• _TASK GOAL_:
Find and copy each line of the data that includes "Ingreso".

RECORDS TO PROCESS START

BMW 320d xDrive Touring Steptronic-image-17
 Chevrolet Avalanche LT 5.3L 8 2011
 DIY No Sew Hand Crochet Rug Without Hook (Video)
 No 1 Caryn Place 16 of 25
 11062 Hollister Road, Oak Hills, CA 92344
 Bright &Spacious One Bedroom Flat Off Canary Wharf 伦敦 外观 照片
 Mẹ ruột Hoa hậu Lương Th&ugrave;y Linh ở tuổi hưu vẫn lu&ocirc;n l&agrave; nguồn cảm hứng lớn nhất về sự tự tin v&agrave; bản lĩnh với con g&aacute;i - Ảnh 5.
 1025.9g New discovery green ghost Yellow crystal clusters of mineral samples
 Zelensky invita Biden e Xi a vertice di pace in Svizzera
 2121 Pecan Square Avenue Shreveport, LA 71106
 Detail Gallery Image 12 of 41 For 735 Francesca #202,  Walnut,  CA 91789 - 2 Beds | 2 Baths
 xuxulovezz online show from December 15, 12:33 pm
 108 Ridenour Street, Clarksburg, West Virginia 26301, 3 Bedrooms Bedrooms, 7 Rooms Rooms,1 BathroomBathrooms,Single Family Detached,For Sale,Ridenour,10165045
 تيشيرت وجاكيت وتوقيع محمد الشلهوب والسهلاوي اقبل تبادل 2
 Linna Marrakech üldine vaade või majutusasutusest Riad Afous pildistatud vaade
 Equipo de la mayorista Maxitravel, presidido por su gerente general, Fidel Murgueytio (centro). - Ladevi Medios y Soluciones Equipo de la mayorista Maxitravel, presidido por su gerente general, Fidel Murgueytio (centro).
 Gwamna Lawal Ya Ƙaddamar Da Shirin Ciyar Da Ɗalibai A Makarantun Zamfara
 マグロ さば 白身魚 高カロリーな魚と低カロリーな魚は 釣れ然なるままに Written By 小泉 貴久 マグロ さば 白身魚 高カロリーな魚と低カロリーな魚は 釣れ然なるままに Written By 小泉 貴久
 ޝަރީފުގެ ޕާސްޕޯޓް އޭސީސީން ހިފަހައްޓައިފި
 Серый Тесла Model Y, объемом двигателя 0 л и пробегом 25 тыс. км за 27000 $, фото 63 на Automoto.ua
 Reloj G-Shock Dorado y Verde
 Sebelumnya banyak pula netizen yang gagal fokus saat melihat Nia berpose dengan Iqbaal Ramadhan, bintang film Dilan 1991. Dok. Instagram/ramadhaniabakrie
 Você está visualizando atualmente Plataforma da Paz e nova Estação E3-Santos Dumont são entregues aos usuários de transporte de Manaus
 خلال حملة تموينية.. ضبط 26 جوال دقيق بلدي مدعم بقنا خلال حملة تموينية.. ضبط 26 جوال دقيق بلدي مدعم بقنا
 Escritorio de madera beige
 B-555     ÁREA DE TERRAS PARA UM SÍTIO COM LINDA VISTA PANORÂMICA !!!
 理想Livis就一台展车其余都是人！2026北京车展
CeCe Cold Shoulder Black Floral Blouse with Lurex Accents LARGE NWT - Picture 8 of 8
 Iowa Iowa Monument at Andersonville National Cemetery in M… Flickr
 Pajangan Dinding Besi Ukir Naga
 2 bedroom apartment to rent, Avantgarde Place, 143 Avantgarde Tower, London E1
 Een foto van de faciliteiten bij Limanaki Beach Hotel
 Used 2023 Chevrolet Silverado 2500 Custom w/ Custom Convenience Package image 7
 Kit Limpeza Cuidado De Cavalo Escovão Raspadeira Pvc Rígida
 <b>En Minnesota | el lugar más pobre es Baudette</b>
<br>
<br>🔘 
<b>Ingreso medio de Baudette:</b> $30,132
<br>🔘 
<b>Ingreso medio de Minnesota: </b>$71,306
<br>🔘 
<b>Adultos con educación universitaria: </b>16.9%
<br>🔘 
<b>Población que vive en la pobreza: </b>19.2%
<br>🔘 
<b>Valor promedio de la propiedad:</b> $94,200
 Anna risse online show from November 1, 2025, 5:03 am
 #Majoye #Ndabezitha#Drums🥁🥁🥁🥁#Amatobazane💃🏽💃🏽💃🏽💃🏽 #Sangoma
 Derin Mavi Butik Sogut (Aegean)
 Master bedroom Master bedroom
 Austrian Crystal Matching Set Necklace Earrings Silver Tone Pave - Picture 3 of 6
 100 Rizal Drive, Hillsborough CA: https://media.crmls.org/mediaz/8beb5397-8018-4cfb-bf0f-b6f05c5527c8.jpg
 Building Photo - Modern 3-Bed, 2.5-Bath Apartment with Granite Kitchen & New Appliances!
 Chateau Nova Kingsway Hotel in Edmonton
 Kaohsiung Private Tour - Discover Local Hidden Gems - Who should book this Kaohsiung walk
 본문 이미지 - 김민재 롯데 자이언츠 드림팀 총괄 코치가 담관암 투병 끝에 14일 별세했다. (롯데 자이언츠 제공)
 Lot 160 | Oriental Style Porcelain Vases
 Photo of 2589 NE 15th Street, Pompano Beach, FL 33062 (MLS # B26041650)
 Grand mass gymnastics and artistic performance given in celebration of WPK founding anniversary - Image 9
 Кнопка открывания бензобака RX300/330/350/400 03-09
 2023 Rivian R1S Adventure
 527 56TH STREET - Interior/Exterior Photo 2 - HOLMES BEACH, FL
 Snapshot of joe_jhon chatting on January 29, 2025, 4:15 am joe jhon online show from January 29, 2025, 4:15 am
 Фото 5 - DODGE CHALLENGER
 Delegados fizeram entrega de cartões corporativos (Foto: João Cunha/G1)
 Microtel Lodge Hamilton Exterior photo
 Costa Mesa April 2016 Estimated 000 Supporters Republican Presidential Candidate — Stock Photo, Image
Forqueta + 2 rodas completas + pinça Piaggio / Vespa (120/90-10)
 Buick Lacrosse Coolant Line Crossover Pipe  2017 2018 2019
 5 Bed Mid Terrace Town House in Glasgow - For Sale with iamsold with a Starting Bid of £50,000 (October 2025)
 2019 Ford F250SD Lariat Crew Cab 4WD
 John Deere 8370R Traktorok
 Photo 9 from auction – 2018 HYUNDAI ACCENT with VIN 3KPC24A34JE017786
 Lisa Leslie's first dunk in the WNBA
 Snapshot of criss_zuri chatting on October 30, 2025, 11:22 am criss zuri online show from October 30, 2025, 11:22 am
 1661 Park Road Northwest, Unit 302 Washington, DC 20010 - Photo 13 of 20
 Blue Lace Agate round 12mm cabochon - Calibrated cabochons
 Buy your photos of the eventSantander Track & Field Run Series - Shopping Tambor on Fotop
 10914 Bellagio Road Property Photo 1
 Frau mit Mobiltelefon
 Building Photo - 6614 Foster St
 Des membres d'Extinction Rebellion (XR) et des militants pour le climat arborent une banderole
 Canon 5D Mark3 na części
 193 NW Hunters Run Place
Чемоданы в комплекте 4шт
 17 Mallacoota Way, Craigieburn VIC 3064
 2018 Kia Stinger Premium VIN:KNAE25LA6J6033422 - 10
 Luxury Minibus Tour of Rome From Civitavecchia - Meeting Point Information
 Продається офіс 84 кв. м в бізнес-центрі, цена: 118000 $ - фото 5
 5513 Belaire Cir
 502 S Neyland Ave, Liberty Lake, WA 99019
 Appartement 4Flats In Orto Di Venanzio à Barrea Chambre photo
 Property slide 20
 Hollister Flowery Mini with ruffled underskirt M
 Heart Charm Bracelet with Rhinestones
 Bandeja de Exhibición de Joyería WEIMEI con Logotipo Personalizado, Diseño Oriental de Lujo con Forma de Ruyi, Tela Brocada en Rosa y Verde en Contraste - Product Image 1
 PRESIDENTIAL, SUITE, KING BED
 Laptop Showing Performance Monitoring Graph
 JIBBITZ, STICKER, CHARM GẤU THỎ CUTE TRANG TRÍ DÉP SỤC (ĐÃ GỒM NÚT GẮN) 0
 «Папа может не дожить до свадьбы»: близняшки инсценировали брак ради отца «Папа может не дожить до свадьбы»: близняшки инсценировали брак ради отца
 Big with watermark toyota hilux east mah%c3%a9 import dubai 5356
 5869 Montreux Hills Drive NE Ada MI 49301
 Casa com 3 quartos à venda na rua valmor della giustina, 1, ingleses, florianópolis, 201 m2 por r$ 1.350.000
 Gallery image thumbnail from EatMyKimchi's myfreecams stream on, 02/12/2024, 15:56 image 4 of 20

RECORDS TO PROCESS END

• _PROBLEM SOLUTION_:
<b>Ingreso medio de Baudette:</b> $30,132
<b>Ingreso medio de Minnesota: </b>$71,306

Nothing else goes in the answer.